Once you reach the end of the data, transcribe all of it exactly.

·····

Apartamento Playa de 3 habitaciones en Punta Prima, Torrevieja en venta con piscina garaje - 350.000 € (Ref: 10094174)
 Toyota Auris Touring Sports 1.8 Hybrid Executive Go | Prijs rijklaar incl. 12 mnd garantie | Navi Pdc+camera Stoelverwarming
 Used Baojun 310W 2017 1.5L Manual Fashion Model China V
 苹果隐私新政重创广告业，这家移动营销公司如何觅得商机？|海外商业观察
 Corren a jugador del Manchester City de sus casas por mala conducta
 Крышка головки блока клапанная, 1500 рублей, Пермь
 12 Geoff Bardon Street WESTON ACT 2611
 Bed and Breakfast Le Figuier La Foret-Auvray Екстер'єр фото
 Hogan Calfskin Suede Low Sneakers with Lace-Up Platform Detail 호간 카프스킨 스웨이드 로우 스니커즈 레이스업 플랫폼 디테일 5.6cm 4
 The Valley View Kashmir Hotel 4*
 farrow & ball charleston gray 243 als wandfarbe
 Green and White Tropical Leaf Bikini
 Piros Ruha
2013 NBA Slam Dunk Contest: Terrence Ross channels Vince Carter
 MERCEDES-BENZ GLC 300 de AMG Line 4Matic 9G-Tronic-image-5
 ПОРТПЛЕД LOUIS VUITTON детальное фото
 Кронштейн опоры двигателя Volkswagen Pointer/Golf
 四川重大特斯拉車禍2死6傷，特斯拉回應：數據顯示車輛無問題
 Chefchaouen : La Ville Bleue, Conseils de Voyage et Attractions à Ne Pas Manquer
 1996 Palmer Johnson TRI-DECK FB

·····

- **SOLUTION**
Apartamento Playa de 3 habitaciones en Punta Prima, Torrevieja en venta con piscina garaje - 350.000 € (Ref: 10094174)
 Toyota Auris Touring Sports 1.8 Hybrid Executive Go | Prijs rijklaar incl. 12 mnd garantie | Navi Pdc+camera Stoelverwarming
 Used Baojun 310W 2017 1.5L Manual Fashion Model China V
 苹果隐私新政重创广告业，这家移动营销公司如何觅得商机？|海外商业观察
 Corren a jugador del Manchester City de sus casas por mala conducta
 Крышка головки блока клапанная, 1500 рублей, Пермь
 12 Geoff Bardon Street WESTON ACT 2611
 Bed and Breakfast Le Figuier La Foret-Auvray Екстер'єр фото
 Hogan Calfskin Suede Low Sneakers with Lace-Up Platform Detail 호간 카프스킨 스웨이드 로우 스니커즈 레이스업 플랫폼 디테일 5.6cm 4
 The Valley View Kashmir Hotel 4*
 farrow & ball charleston gray 243 als wandfarbe
 Green and White Tropical Leaf Bikini
 Piros Ruha
2013 NBA Slam Dunk Contest: Terrence Ross channels Vince Carter
 MERCEDES-BENZ GLC 300 de AMG Line 4Matic 9G-Tronic-image-5
 ПОРТПЛЕД LOUIS VUITTON детальное фото
 Кронштейн опоры двигателя Volkswagen Pointer/Golf
 四川重大特斯拉車禍2死6傷，特斯拉回應：數據顯示車輛無問題
 Chefchaouen : La Ville Bleue, Conseils de Voyage et Attractions à Ne Pas Manquer
 1996 Palmer Johnson TRI-DECK FB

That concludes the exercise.